:: Data provided ::
━━━━━━━━━━
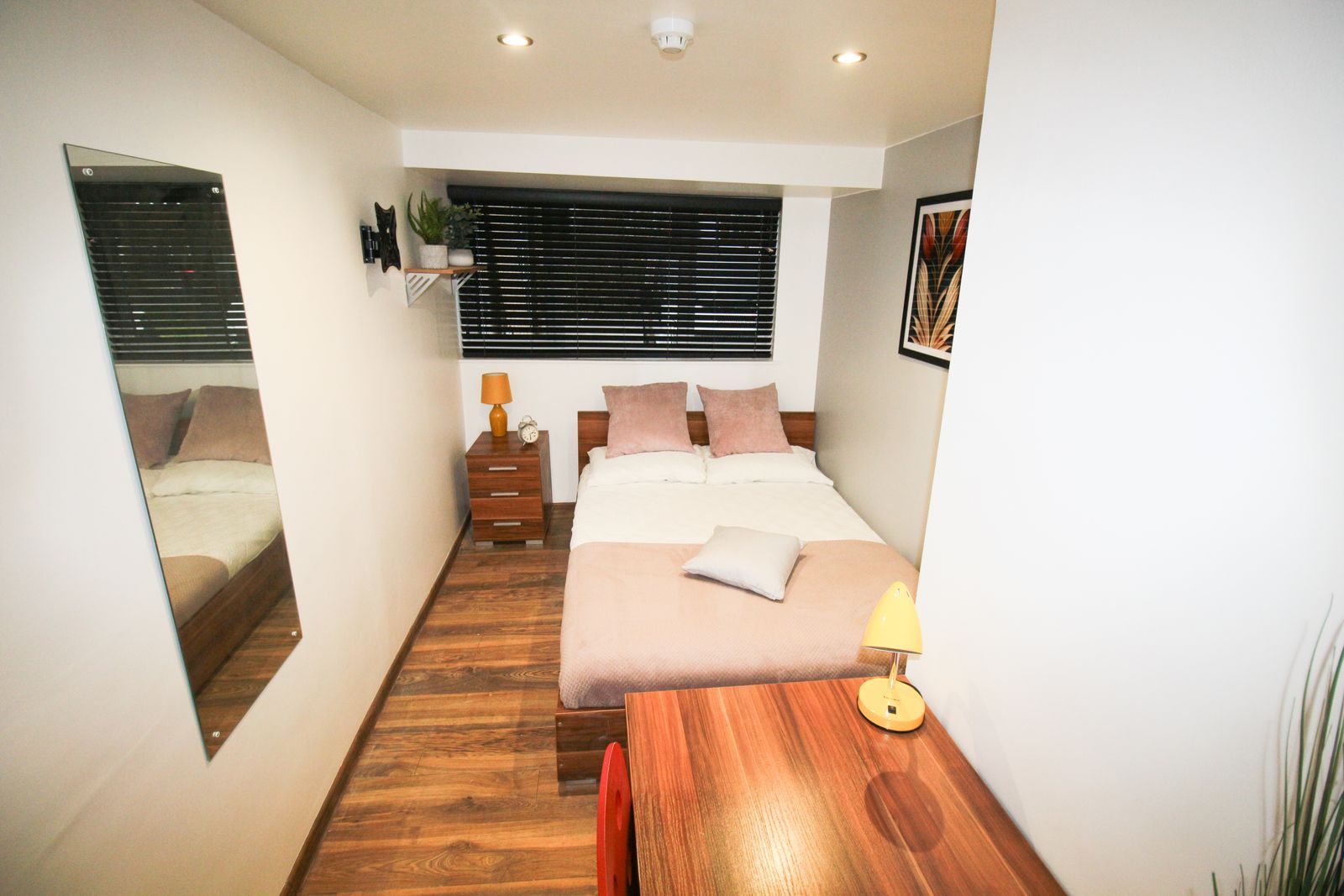 Room St Botolphs Crescent in Lincoln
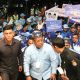 Pendukung Pasangan AMIN Padati Halaman Amel Convention Hall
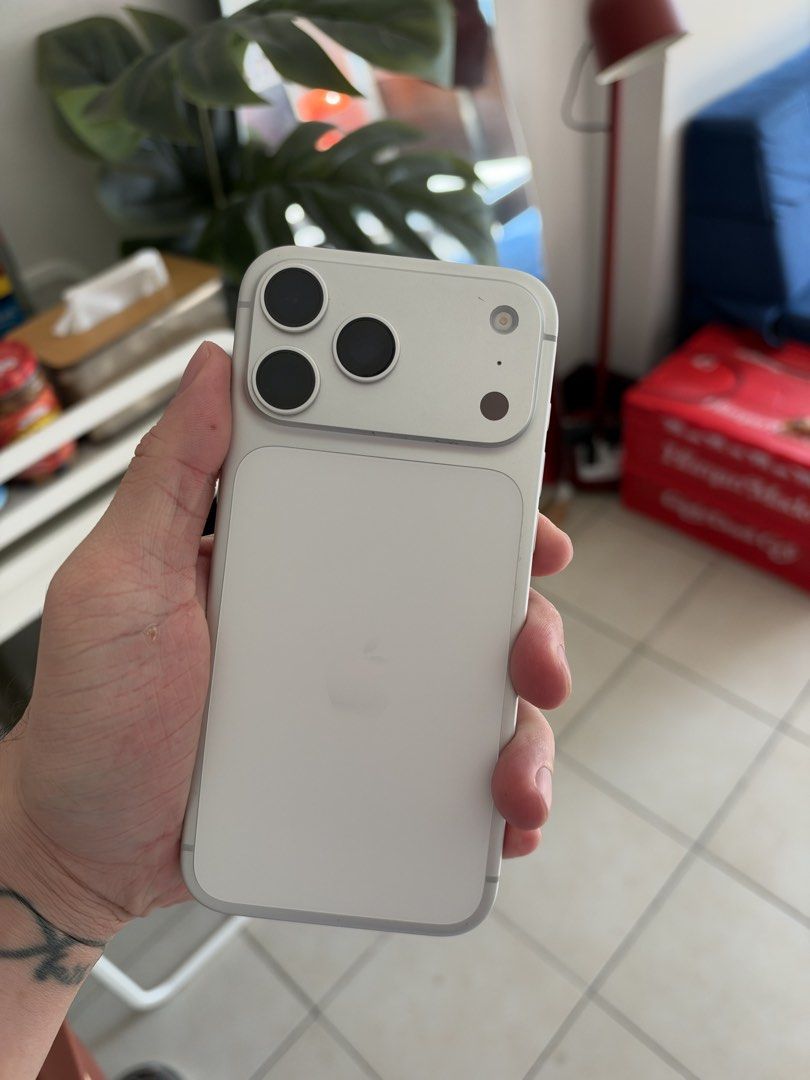 Iphone 17 Pro Max 512GB (Category: iPhone 17 Series) located in Makati City. Submitted by krasalan (Listing ID 1470211218, Image 2). Description: READ BEFORE SENDING A MESSAGE For sale only. No swaps. Price: 65K Firm (will not entertain swaps or last price inquiries Aesthetic Condition: 95% meron lang maliit na scratch sa plateau di ko alam san galing kasi never nabagsak baka sa susi nung nilagay sa bag. See photo for reference. Storage: 512GB Co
━━━━━━━━━━
:: Task item ::
Please transcribe the whole listing above exactly, with the images left out.

:: Written response ::
 Room St Botolphs Crescent in Lincoln
 Pendukung Pasangan AMIN Padati Halaman Amel Convention Hall
 Iphone 17 Pro Max 512GB (Category: iPhone 17 Series) located in Makati City. Submitted by krasalan (Listing ID 1470211218, Image 2). Description: READ BEFORE SENDING A MESSAGE For sale only. No swaps. Price: 65K Firm (will not entertain swaps or last price inquiries Aesthetic Condition: 95% meron lang maliit na scratch sa plateau di ko alam san galing kasi never nabagsak baka sa susi nung nilagay sa bag. See photo for reference. Storage: 512GB Co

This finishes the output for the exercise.